Throw custom exceptions for JVM applications
To simulate a scenario that JVM applications throw custom exceptions, you need to set the action to “jvm-exception”. For the corresponding configurations, refer to Parameters for throwing custom exceptions.
Increase method latency for JVM applications
To simulate a scenario that JVM applications increase method latency, you need to set the action to “jvm-latency”. For the corresponding configurations, refer to Parameters for increasing method latency.
Modify return values of methods for JVM applications
To simulate a scenario that JVM applications modify return values of methods, you need to set the action to “jvm-return”. For the corresponding configurations, refer to Parameters for modifying return values of a method.

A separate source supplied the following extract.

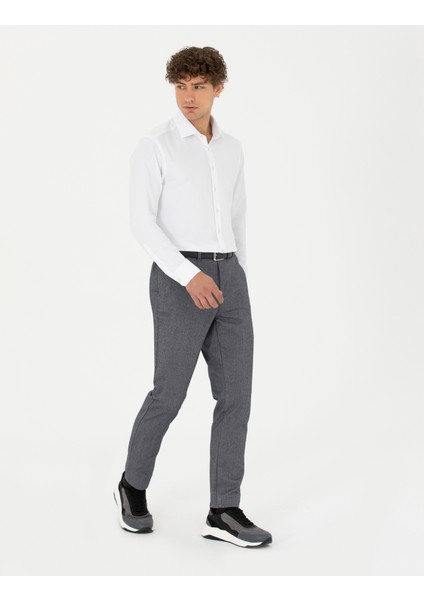 Erkek Açık Lacivert Slim Fit Çizgili Kanvas Pantolon 50278468-VR059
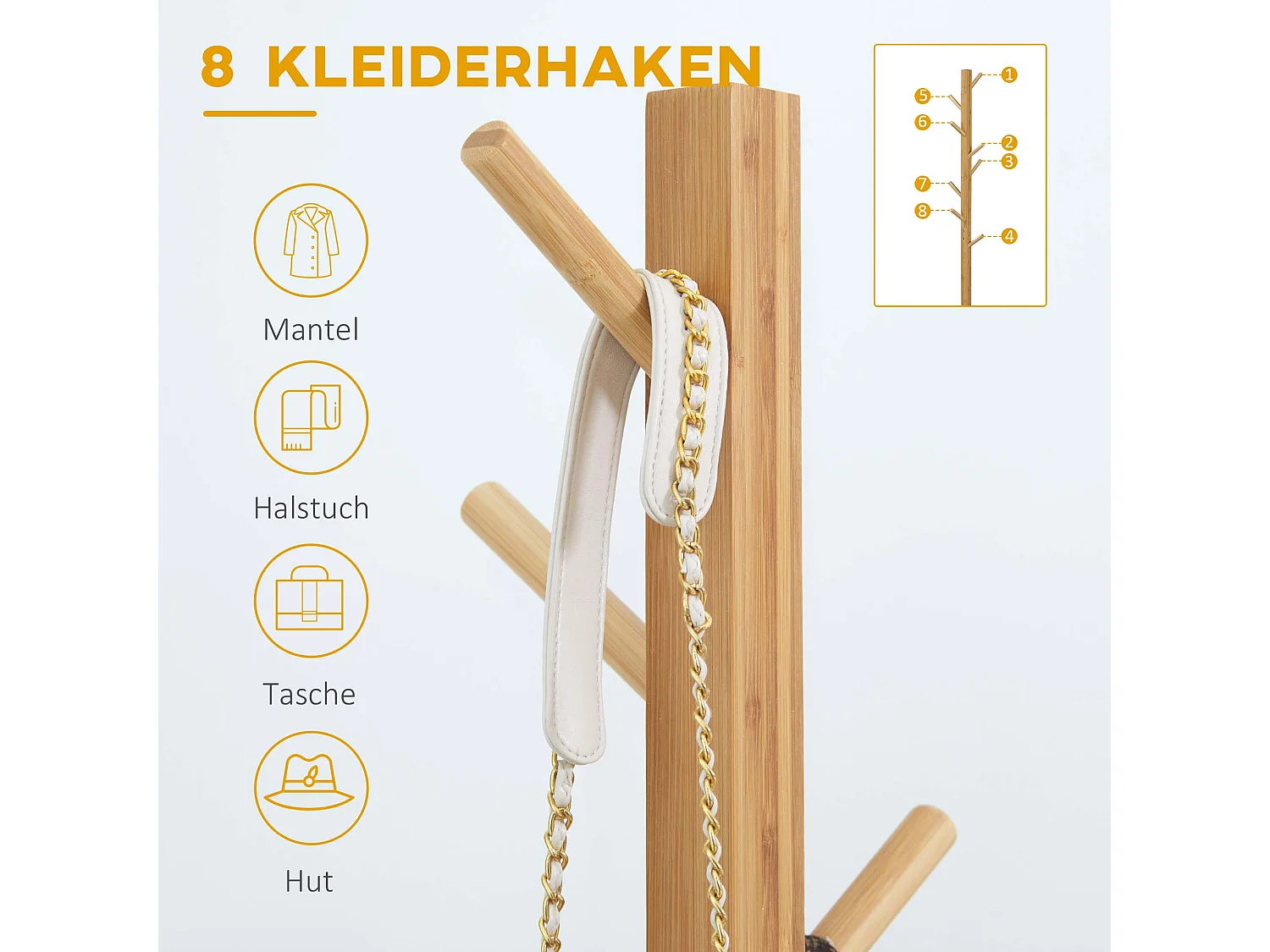 Porte-manteaux en bambou avec 8 crochets, design naturel et fonctionnel, naturel (49.5x49.5x178cm)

Trigger garbage collection for JVM applications
To simulate a scenario that JVM applications trigger garbage collection, you need to set the action to “jvm-gc”. For the corresponding configurations, refer to Parameters for triggering garbage collection.
Trigger faults using Byteman configuration files for JVM applications
To simulate a scenario that JVM applications trigger faults using Byteman configuration files, you need to set the action to “jvm-rule-data”. For the corresponding configurations, refer to Parameters for triggering faults by setting Byteman configuration files.
Time offset
To simulate a time offset scenario, you need to set the action to “clock”. For the corresponding configurations, refer to Parameters of simulating time offset.